Scraped caption text data

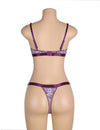 Sexy Floral Two Tone Lace Bra And Panty Set - Love It Curvy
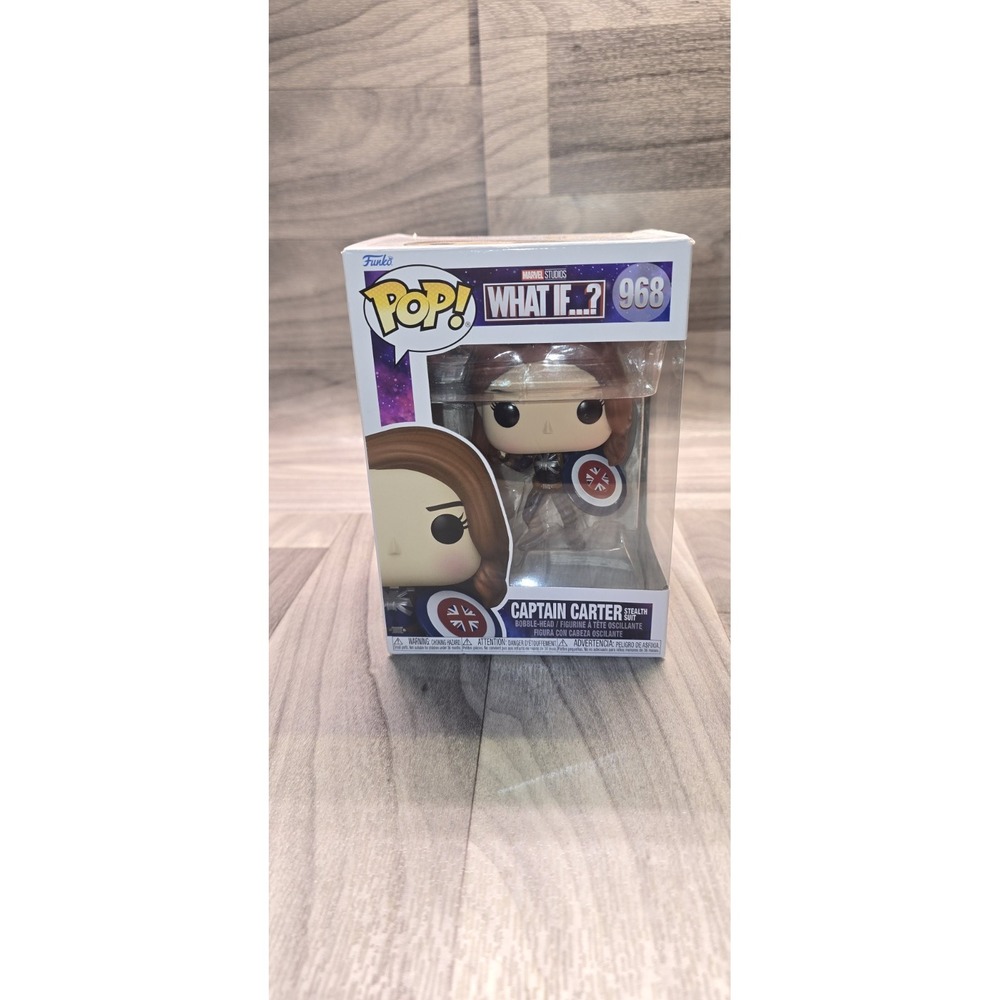 Funko POP! Marvel: What If...? - Captain Carter [Stealth Suit] #968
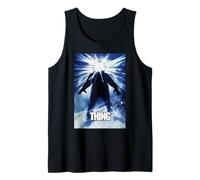 The Thing Glowing Silhouette Movie Poster Tank Top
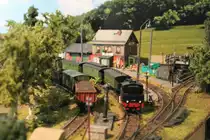 BR 92 im Bhf Waldaue
Anlage  Von Birkenthal nach Waldaue, Spur TT
Datum:22.01.2014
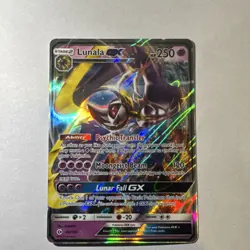 Pokemon Lunala GX 66/149 SM Base Set Ultra Rare Full Art Holo 250HP - Image 1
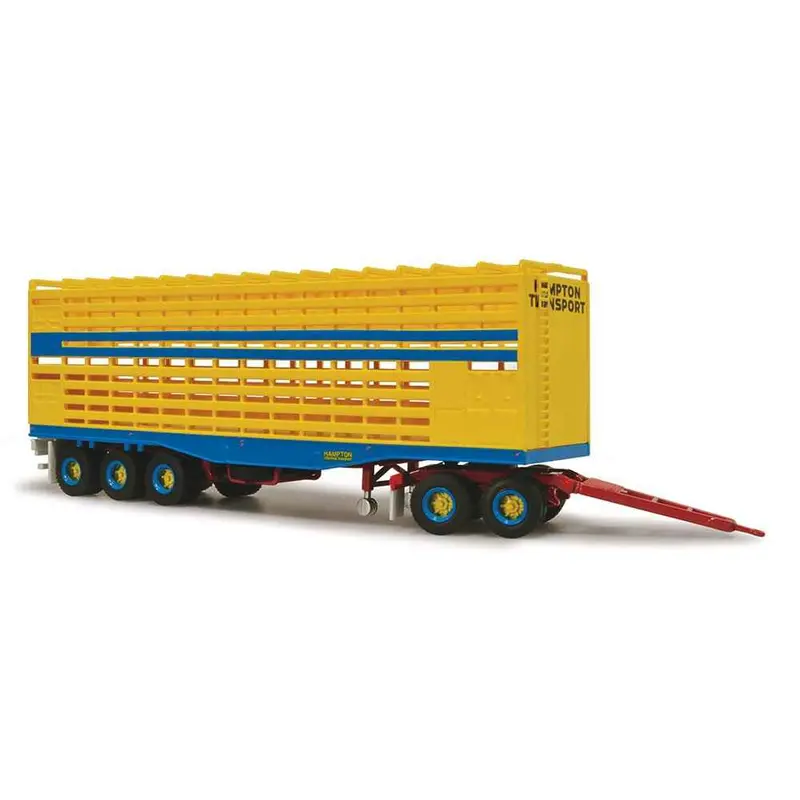 Highway Replicas 12961 1/64 Hampton Livestock Trailer & Dolly 1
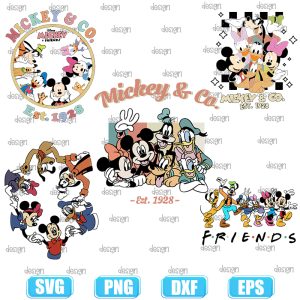 mickey and co est.1928 svg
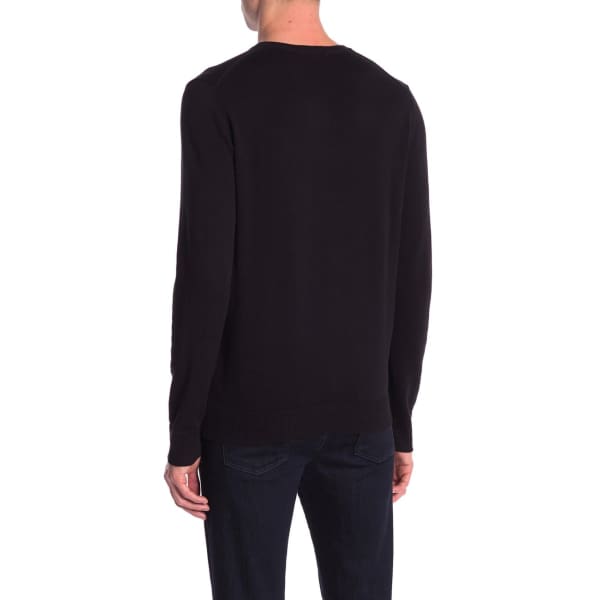 Joe Fresh Solid V-Neck Pullover Sweater Black - M - Men Sweater Hoodie Pullover
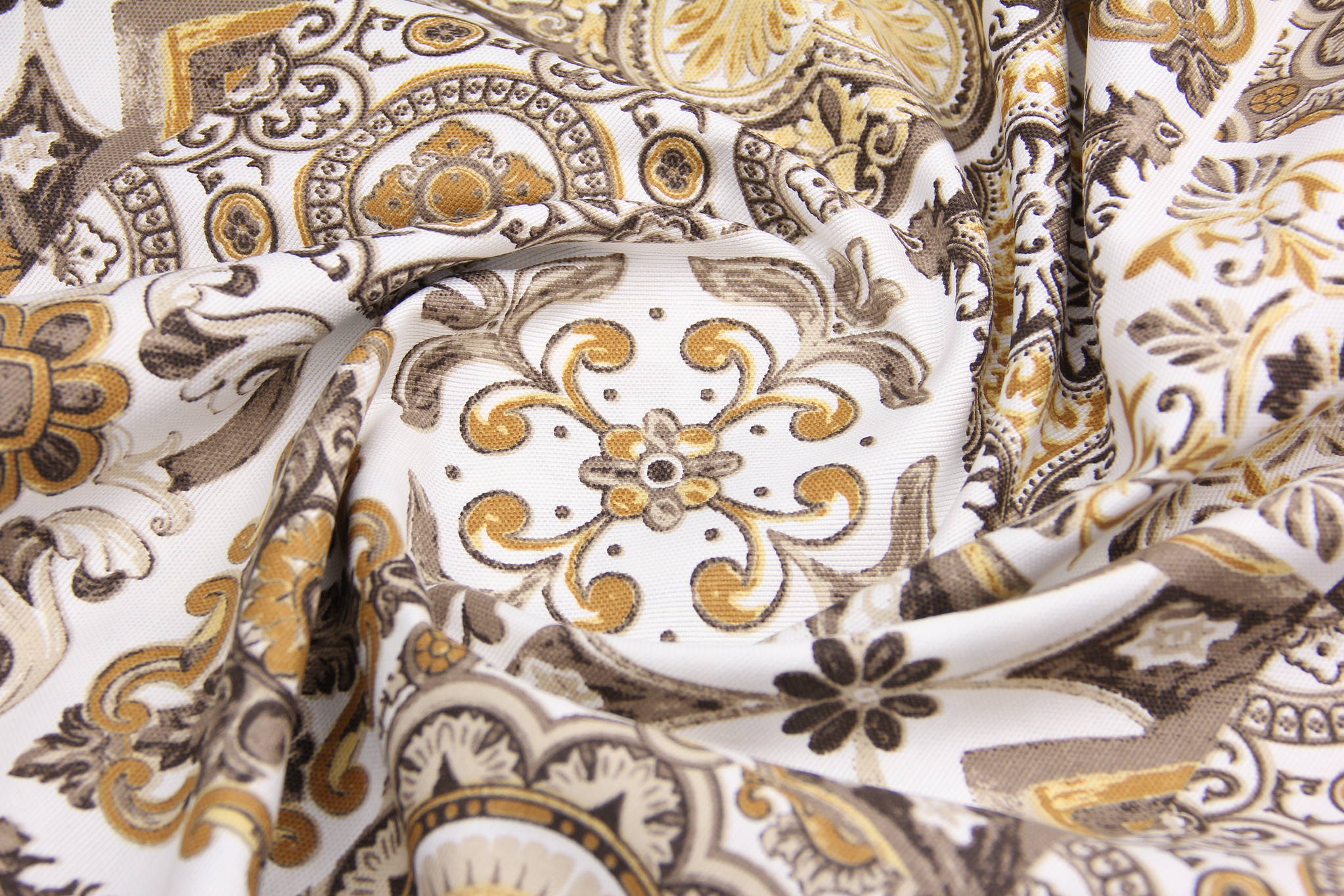 Ткань скатертная с тефлоновой пропиткой Плитка Золотой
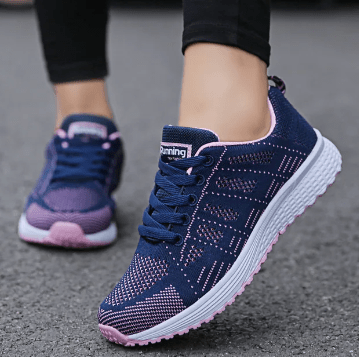 Buty Sportowe Damskie Ortopedyczne do Biegania – Lekkie Sneakersy z Oddychającą Siateczką 4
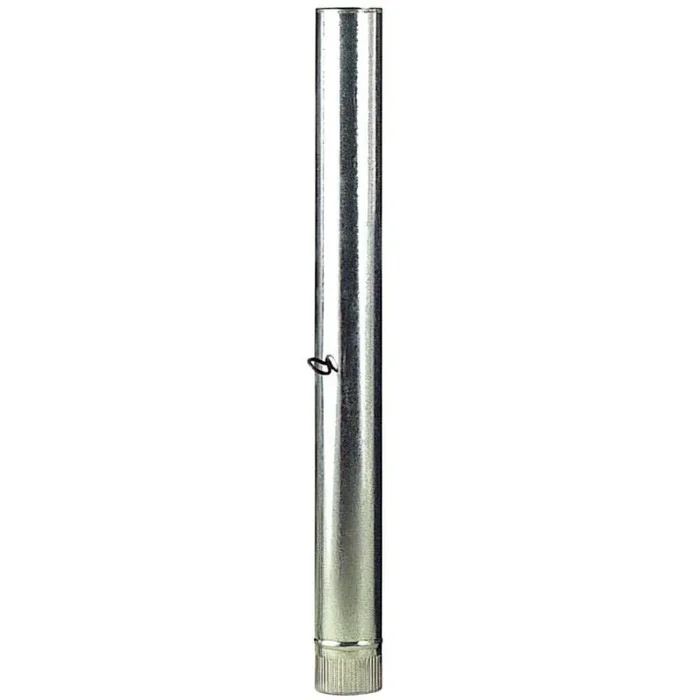 WOLFPACK LINEA PROFESIONAL – Tubo Estufa Acero Galvanizado Ø 110 mm, Ideal Estufas de Leña, Chimenea, Alta resistencia, Conducto Humos. Con Llave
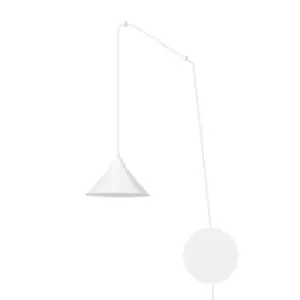 image of Abramo White Pendant Ceiling Light 1x E27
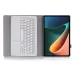 A0N5-A Ultra-thin Detachable Lambskin Texture TPU Bluetooth Keyboard Leather Tablet Case with Holder Touchpad For Xiaomi Pad 5 5 Pro Pink
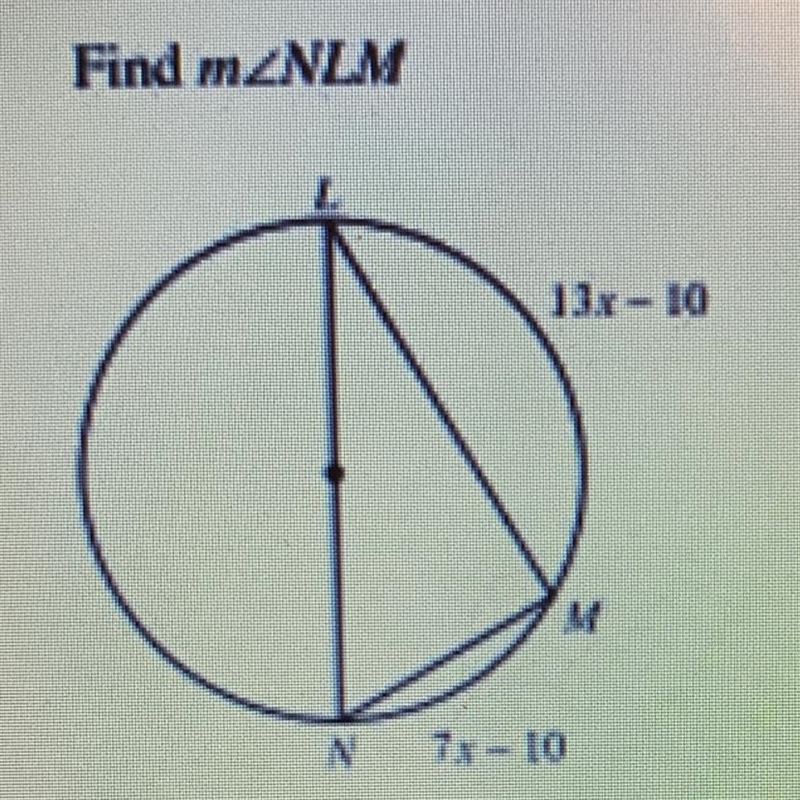 * HELP: Find the indicated angle measure. Find m2NLM A. 10 B.60 C.120 D.30-example-1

- _Description of the task_: Your answer should consist of the lines above between those holding "Datum:22.01.2014" and "Ткань скатертная с", inclusive, reproduced word for word and without pictures.

- _Output of the exercise_:
Datum:22.01.2014
 Pokemon Lunala GX 66/149 SM Base Set Ultra Rare Full Art Holo 250HP - Image 1
 Highway Replicas 12961 1/64 Hampton Livestock Trailer & Dolly 1
 mickey and co est.1928 svg
 Joe Fresh Solid V-Neck Pullover Sweater Black - M - Men Sweater Hoodie Pullover
 Ткань скатертная с тефлоновой пропиткой Плитка Золотой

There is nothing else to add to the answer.